Creating an initial RRD

RRD stands for Round Robin Database, and it is what it sounds like. There are a fixed number of records in the database and once the last record has been written in the database the next update goes to the first record, and around and around it goes. In this way, your databases will never grow out of control. The only downside to this is that, obviously, you've got to know how much data you'll want to look at historically ahead of time so that when you generate your database you have enough data. You may want a days worth of info, or even months.

When creating an RRD database we'll need to specify a couple things, namely one or more Data Sources and one or more Round Robin Archives. The data source (DS) defines what type of data is accepted and some boundaries on what constitutes good data. The round robin archives (RRA) can almost be thought of as views, it defines the different ways we can store and retrieve data.

The following is an example of database creation. In this example I am setting up an RRD to monitor TempTrax temperatures.

Figure 1. TempTrax RRD Creation Command

[benr@nexus TempTrax-RRD]$ rrdtool create temptrax.rrd \ 
--start N --step 300 \
DS:probe1-temp:GAUGE:600:55:95 \ 
DS:probe2-temp:GAUGE:600:55:95 \
DS:probe3-temp:GAUGE:600:55:95 \
DS:probe4-temp:GAUGE:600:55:95 \
RRA:MIN:0.5:12:1440 \
RRA:MAX:0.5:12:1440 \ 
RRA:AVERAGE:0.5:1:1440

The tool rrdtool is called with the argument create followed by the RRD filename of the database to be created. The next two arguments specify the time at which the database starts, measured in seconds since the Epoch, and the step time measured in seconds which is the interval between database updates. In this case I'm using "N" as the start time which tells rrdtool to use "now" as the time, and my step interval is 300 seconds (5 minutes).

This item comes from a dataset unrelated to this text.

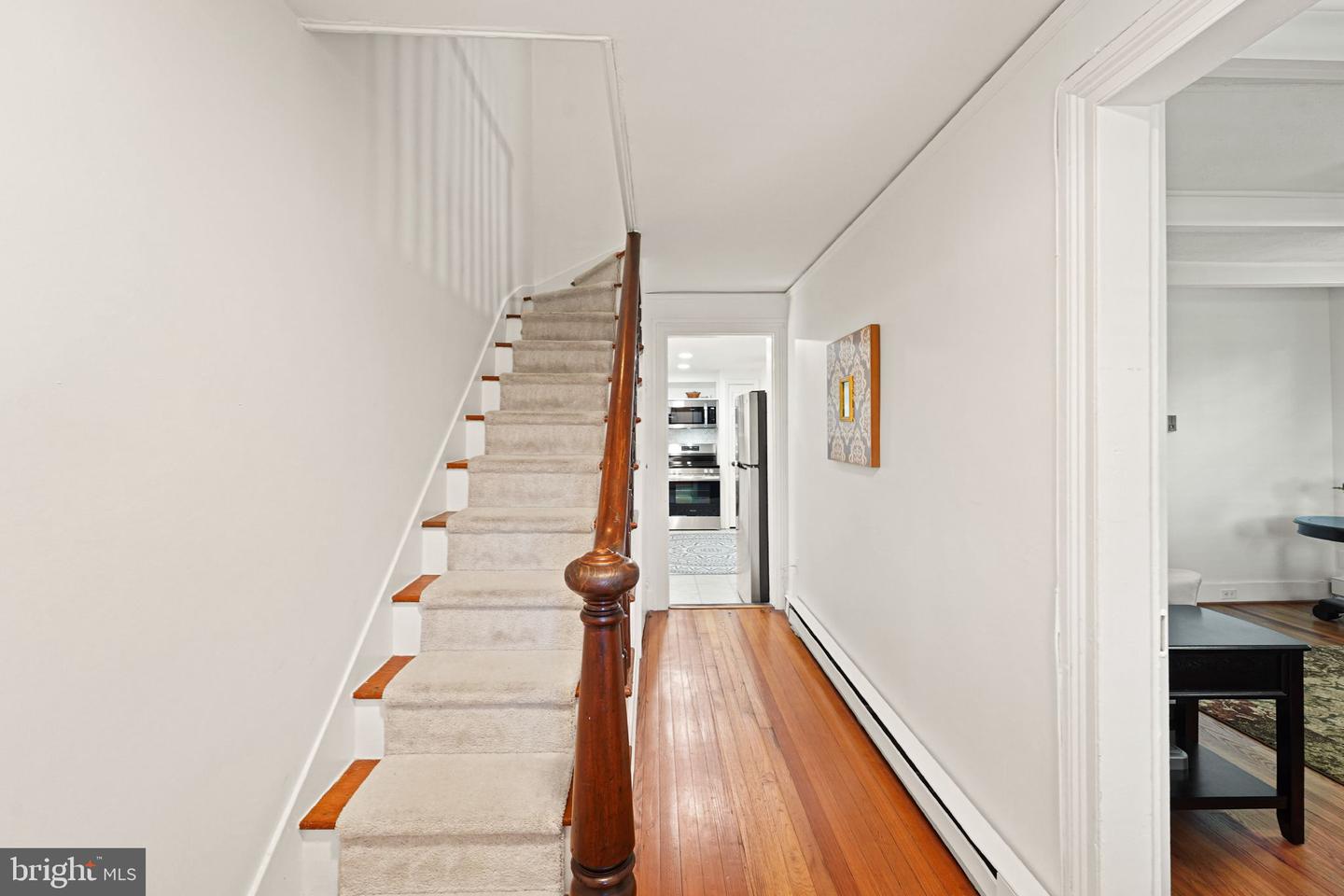 239 OLD WATERFORD RD NW, LEESBURG, Virginia 20176, 3 Bedrooms Bedrooms, ,2 BathroomsBathrooms,Residential,For sale,239 OLD WATERFORD RD NW,VALO2105376 MLS # VALO2105376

The "DS" lines specify our different data sources. In this case I want to monitor 4 different temperature probes which I've named sequentially. The following field ("GUAGE") species the Data Source Type (DST) which is one of GUAGE, COUNTER, DERIVE or ABSOLUTE. The Guage DST works like you'd expect and is generally the best choice. Counters continuously increase, Derives store a derivative of the last and the current value, and Absolutes store values which reset after each reading. The last 3 fields of the Data Source lines specify the minimal heartbeat and both min and max values. The minimal heartbeat is a value measured in seconds after which the values is said to be unknown (think of it as a timeout). The min and max specify a range for "good" values; if a value is outside of this range it is said to be unknown.

The "RRA" lines specify different round robin archives. These are likes views, by which the data are stored. Inside the RRD database file each RRA is stored separately, with a predefined number of records. Each time we "update" our database we are adding a Primary Data Point (PDP), which are then combined together and put into our RRA based on a Consolidation Function (CF) that determines what the actual value thats written is. In the above example the first field specifies that we're defining an RRA. The second field specifies the CF that is used, one of AVERAGE, MIN, MAX or LAST. The third field specifies the XFiles Factor (XFF), this is the percentage of PDPs that can be unknown without making the recorded value unknown. The fourth field is the number of PDPs that will make up the recorded value. The final field specifies the number of records this RRA has.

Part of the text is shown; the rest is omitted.